Every line of the material below should be output exactly as written, with the images skipped.

=== Information supplied ===

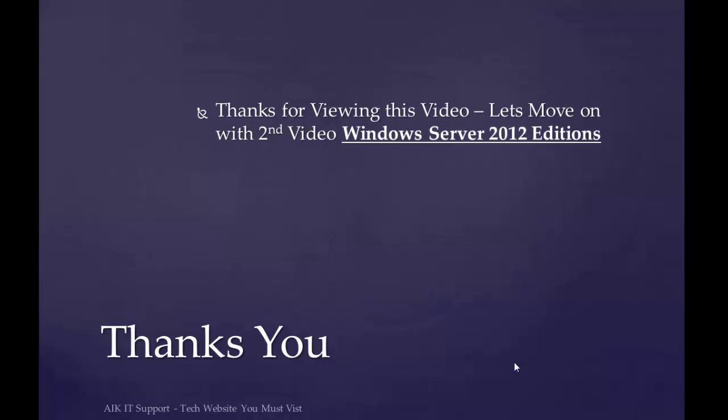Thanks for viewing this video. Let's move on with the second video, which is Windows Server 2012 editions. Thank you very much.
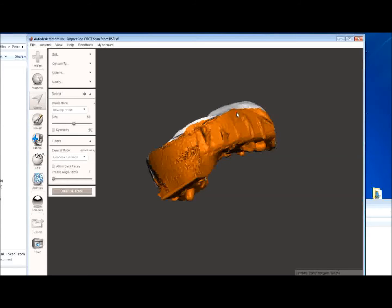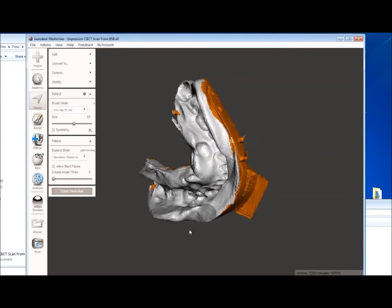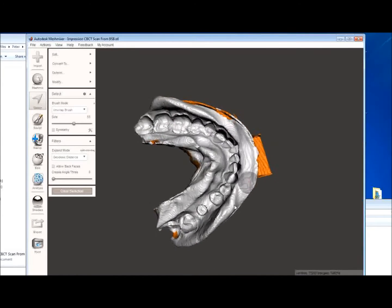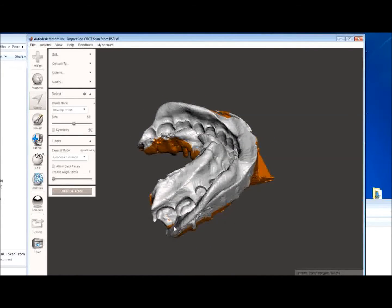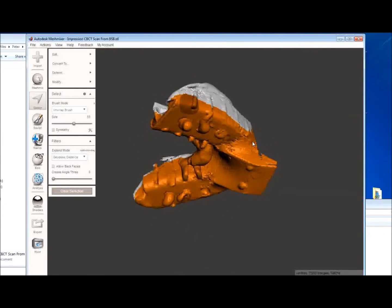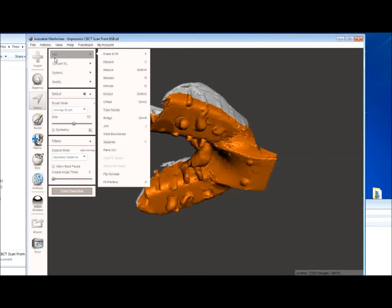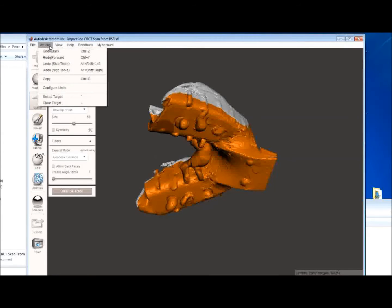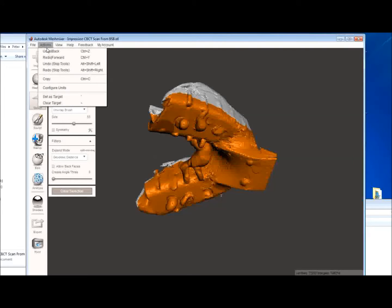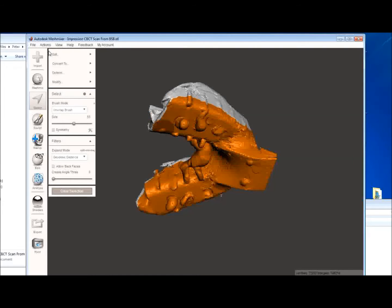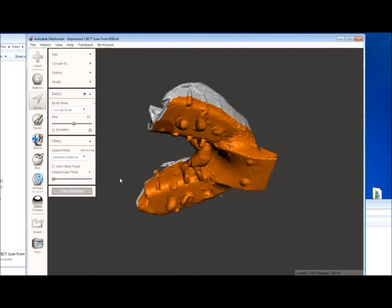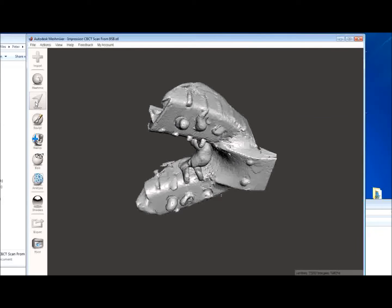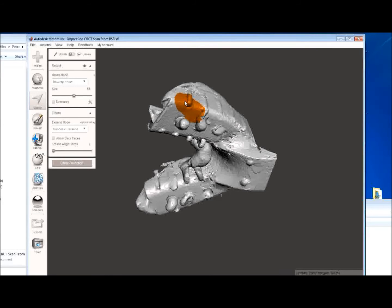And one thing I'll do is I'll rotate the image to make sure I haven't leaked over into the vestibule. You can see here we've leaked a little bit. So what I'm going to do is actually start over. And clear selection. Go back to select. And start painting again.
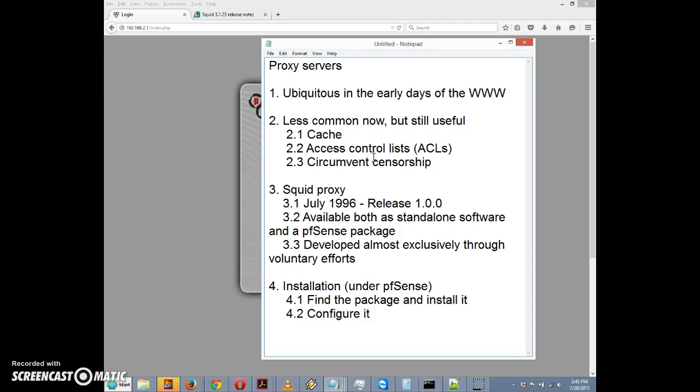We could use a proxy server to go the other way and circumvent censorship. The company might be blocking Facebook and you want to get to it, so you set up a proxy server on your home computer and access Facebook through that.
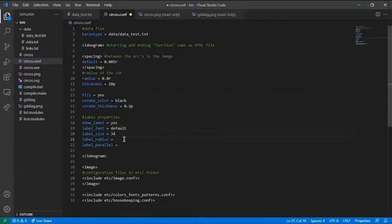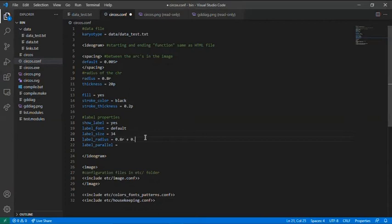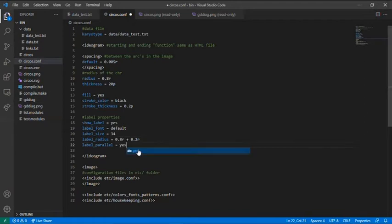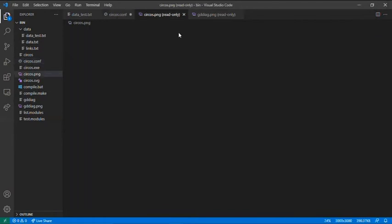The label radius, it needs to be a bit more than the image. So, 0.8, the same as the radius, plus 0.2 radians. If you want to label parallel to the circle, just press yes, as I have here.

===

> [Answer box]:
Thanks for viewing this video. Let's move on with the second video, which is Windows Server 2012 editions. Thank you very much.
And one thing I'll do is I'll rotate the image to make sure I haven't leaked over into the vestibule. You can see here we've leaked a little bit. So what I'm going to do is actually start over. And clear selection. Go back to select. And start painting again.
We could use a proxy server to go the other way and circumvent censorship. The company might be blocking Facebook and you want to get to it, so you set up a proxy server on your home computer and access Facebook through that.
The label radius, it needs to be a bit more than the image. So, 0.8, the same as the radius, plus 0.2 radians. If you want to label parallel to the circle, just press yes, as I have here.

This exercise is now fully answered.